What to produce ▸ The answer is to be the data below, written out in full and exactly.

Listed entries ▸
+ + + + + + +

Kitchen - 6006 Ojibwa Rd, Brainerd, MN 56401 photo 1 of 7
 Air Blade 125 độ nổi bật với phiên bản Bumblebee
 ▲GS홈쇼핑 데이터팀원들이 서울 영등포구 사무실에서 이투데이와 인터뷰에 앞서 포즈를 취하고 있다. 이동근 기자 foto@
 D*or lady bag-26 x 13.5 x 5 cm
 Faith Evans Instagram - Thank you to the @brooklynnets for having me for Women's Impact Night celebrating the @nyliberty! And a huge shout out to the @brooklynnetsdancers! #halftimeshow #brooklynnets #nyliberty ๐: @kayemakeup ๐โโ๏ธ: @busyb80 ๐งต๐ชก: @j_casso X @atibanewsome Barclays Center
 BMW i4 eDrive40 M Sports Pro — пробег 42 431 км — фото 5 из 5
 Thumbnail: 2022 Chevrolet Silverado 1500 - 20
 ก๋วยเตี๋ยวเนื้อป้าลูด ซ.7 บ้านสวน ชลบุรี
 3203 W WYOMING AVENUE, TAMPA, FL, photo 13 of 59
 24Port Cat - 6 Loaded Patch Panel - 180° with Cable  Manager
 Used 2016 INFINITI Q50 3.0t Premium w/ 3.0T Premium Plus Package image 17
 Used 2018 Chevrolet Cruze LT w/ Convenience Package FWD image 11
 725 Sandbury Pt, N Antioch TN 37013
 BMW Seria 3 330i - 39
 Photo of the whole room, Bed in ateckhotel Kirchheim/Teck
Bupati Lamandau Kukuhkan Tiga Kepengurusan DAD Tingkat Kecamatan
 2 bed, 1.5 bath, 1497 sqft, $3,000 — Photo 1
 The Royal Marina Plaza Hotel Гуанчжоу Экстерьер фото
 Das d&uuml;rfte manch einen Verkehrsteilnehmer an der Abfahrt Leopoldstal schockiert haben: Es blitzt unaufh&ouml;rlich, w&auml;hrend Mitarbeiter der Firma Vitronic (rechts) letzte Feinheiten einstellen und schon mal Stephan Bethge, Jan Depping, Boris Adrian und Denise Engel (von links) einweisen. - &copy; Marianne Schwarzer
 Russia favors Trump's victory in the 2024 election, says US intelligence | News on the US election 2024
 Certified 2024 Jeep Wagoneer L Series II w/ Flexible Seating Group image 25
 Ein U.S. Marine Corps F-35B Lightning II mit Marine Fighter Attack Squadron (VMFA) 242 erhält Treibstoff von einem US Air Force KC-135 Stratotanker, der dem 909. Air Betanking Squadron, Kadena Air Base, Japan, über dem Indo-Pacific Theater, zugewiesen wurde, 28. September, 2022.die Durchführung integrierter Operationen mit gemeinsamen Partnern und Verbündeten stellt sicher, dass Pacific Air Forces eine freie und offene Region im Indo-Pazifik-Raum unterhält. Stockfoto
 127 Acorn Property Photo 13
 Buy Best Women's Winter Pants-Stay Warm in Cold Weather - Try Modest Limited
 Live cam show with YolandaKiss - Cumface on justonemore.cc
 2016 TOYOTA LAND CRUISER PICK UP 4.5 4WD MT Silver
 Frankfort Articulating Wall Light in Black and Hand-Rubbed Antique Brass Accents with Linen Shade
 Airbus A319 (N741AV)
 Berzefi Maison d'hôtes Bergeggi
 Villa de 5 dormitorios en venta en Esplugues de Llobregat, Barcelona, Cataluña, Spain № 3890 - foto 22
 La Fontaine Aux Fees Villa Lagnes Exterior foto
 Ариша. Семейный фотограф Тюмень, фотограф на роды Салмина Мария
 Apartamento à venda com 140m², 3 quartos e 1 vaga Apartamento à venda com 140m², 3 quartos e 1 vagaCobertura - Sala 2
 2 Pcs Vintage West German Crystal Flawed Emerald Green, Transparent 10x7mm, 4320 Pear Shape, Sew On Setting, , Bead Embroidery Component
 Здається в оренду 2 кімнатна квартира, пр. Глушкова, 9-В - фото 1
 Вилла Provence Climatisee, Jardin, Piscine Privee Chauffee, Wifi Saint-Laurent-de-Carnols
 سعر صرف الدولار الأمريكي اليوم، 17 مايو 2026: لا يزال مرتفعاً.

+ + + + + + +

Answer section ▸
Kitchen - 6006 Ojibwa Rd, Brainerd, MN 56401 photo 1 of 7
 Air Blade 125 độ nổi bật với phiên bản Bumblebee
 ▲GS홈쇼핑 데이터팀원들이 서울 영등포구 사무실에서 이투데이와 인터뷰에 앞서 포즈를 취하고 있다. 이동근 기자 foto@
 D*or lady bag-26 x 13.5 x 5 cm
 Faith Evans Instagram - Thank you to the @brooklynnets for having me for Women's Impact Night celebrating the @nyliberty! And a huge shout out to the @brooklynnetsdancers! #halftimeshow #brooklynnets #nyliberty ๐: @kayemakeup ๐โโ๏ธ: @busyb80 ๐งต๐ชก: @j_casso X @atibanewsome Barclays Center
 BMW i4 eDrive40 M Sports Pro — пробег 42 431 км — фото 5 из 5
 Thumbnail: 2022 Chevrolet Silverado 1500 - 20
 ก๋วยเตี๋ยวเนื้อป้าลูด ซ.7 บ้านสวน ชลบุรี
 3203 W WYOMING AVENUE, TAMPA, FL, photo 13 of 59
 24Port Cat - 6 Loaded Patch Panel - 180° with Cable  Manager
 Used 2016 INFINITI Q50 3.0t Premium w/ 3.0T Premium Plus Package image 17
 Used 2018 Chevrolet Cruze LT w/ Convenience Package FWD image 11
 725 Sandbury Pt, N Antioch TN 37013
 BMW Seria 3 330i - 39
 Photo of the whole room, Bed in ateckhotel Kirchheim/Teck
Bupati Lamandau Kukuhkan Tiga Kepengurusan DAD Tingkat Kecamatan
 2 bed, 1.5 bath, 1497 sqft, $3,000 — Photo 1
 The Royal Marina Plaza Hotel Гуанчжоу Экстерьер фото
 Das d&uuml;rfte manch einen Verkehrsteilnehmer an der Abfahrt Leopoldstal schockiert haben: Es blitzt unaufh&ouml;rlich, w&auml;hrend Mitarbeiter der Firma Vitronic (rechts) letzte Feinheiten einstellen und schon mal Stephan Bethge, Jan Depping, Boris Adrian und Denise Engel (von links) einweisen. - &copy; Marianne Schwarzer
 Russia favors Trump's victory in the 2024 election, says US intelligence | News on the US election 2024
 Certified 2024 Jeep Wagoneer L Series II w/ Flexible Seating Group image 25
 Ein U.S. Marine Corps F-35B Lightning II mit Marine Fighter Attack Squadron (VMFA) 242 erhält Treibstoff von einem US Air Force KC-135 Stratotanker, der dem 909. Air Betanking Squadron, Kadena Air Base, Japan, über dem Indo-Pacific Theater, zugewiesen wurde, 28. September, 2022.die Durchführung integrierter Operationen mit gemeinsamen Partnern und Verbündeten stellt sicher, dass Pacific Air Forces eine freie und offene Region im Indo-Pazifik-Raum unterhält. Stockfoto
 127 Acorn Property Photo 13
 Buy Best Women's Winter Pants-Stay Warm in Cold Weather - Try Modest Limited
 Live cam show with YolandaKiss - Cumface on justonemore.cc
 2016 TOYOTA LAND CRUISER PICK UP 4.5 4WD MT Silver
 Frankfort Articulating Wall Light in Black and Hand-Rubbed Antique Brass Accents with Linen Shade
 Airbus A319 (N741AV)
 Berzefi Maison d'hôtes Bergeggi
 Villa de 5 dormitorios en venta en Esplugues de Llobregat, Barcelona, Cataluña, Spain № 3890 - foto 22
 La Fontaine Aux Fees Villa Lagnes Exterior foto
 Ариша. Семейный фотограф Тюмень, фотограф на роды Салмина Мария
 Apartamento à venda com 140m², 3 quartos e 1 vaga Apartamento à venda com 140m², 3 quartos e 1 vagaCobertura - Sala 2
 2 Pcs Vintage West German Crystal Flawed Emerald Green, Transparent 10x7mm, 4320 Pear Shape, Sew On Setting, , Bead Embroidery Component
 Здається в оренду 2 кімнатна квартира, пр. Глушкова, 9-В - фото 1
 Вилла Provence Climatisee, Jardin, Piscine Privee Chauffee, Wifi Saint-Laurent-de-Carnols
 سعر صرف الدولار الأمريكي اليوم، 17 مايو 2026: لا يزال مرتفعاً.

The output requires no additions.